The Marqués de Cáceres: Wine and Grandeur

We are so used to seeing the emblematic name, Marqués de Cáceres, on a bottle of wine that it is easy to forget that it is a real person, and that he lives (and enjoys wine) in Valencia.


They say that ‘Spain is different’, and they should know; and so it should come as no surprise that Marqués de Cáceres wine does not come from Extremadura but from La Rioja, and that the Marqués himself is neither from Extremadura nor from La Rioja but from Valencia.

Juan Noguera is the 8th Marqués de Cáceres, and his title was awarded to one of his ancestors, a ship’s captain in the 17th century, for distinguished services rendered during the war to recuperate the Spanish kingdom of Naples. Apparently his surname was García but he was called ‘de Cáceres’ to distinguish him from others of the same name because that was where he was based.

When one of his descendants died childless, it was a nephew from the Noguera family who inherited the title.

caceres2The 4th Marqués was instrumental in the restoration of the monarchy in 1875 when the army proclaimed Alfonso 12th king on the plains around Sagunto in what amounted to a bloodless coup d’état. For this the family shield now bears the title ‘Grandeza de España’, placing them among the elite within the aristocracy.

Juan Noguera confesses to being an unashamed monarchist, and his house abounds with photos showing the close relationship between his own family and that of Spanish royalty.

Although he is a qualified lawyer and spent most of his career in banking, Juan’s great passion is wine, and for two decades he has in fact been the President of the Valencia Oenologist Society, which meets every Tuesday.

It was his father who, as a close personal friend of Enrique Forner, founder of the Marqués de Cáceres Winery, one of the most important in Spain, arranged for the family title to be used by the company, which was founded after Forner had spent the Civil War in voluntary exile in Bordeaux, creating his wine empire.

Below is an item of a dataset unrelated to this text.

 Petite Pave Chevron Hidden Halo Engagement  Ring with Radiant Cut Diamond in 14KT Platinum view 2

On his journeys from France to his native Sagunto, passing through La Rioja en route, he realised the potential of the area as a vine-growing region, and set up his wine-producing business at the village of Cenicero in 1970.

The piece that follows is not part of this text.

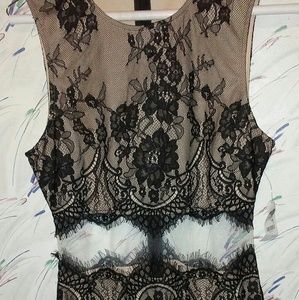 Black Sheer Lace Midi Dress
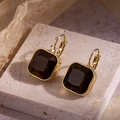 Boucles d'oreilles vintage carrées en acier doré avec pierres précieuses marron - Marron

The two families have collaborated ever since and it has since been Juan’s job and pleasure to travel the world promoting the wines, which were among the first Spanish wines to aim for higher quality and a lighter, milder taste, not unlike French wines, in comparison with the rougher Spanish ones.

He hasn’t been unsuccessful, as ‘Marqués de Cáceres’ wines are now sold in over 110 countries, the United Kingdom being the best customer, and they have won many prizes.

Although he loves and appreciates good wines, Juan Noguera believes that the world of wine suffers from an excess of snobbery and nonsense, and that the true test of a good wine is personal satisfaction. Nevertheless his home has a whole wall dedicated to books on wine and he is always keen to learn more and, as he says, take nothing for granted, believing that you should start each day from scratch.

One of his great regrets is not having learnt foreign languages and he has compensated by ensuring that his own three children have learnt, having sent them to study at the French Lyceum. Two of them, like him, are now qualified lawyers, and one a teacher.

When he is not travelling around the world, largely to South and Central America, he is tending his own vines in the booming vineyard area around Jumilla, or trying out the wines and food in one of Valencia’s many exciting new restaurants. Whatever he is doing, he is enjoying himself and making sure that those with him enjoy themselves too; a noble attitude to life.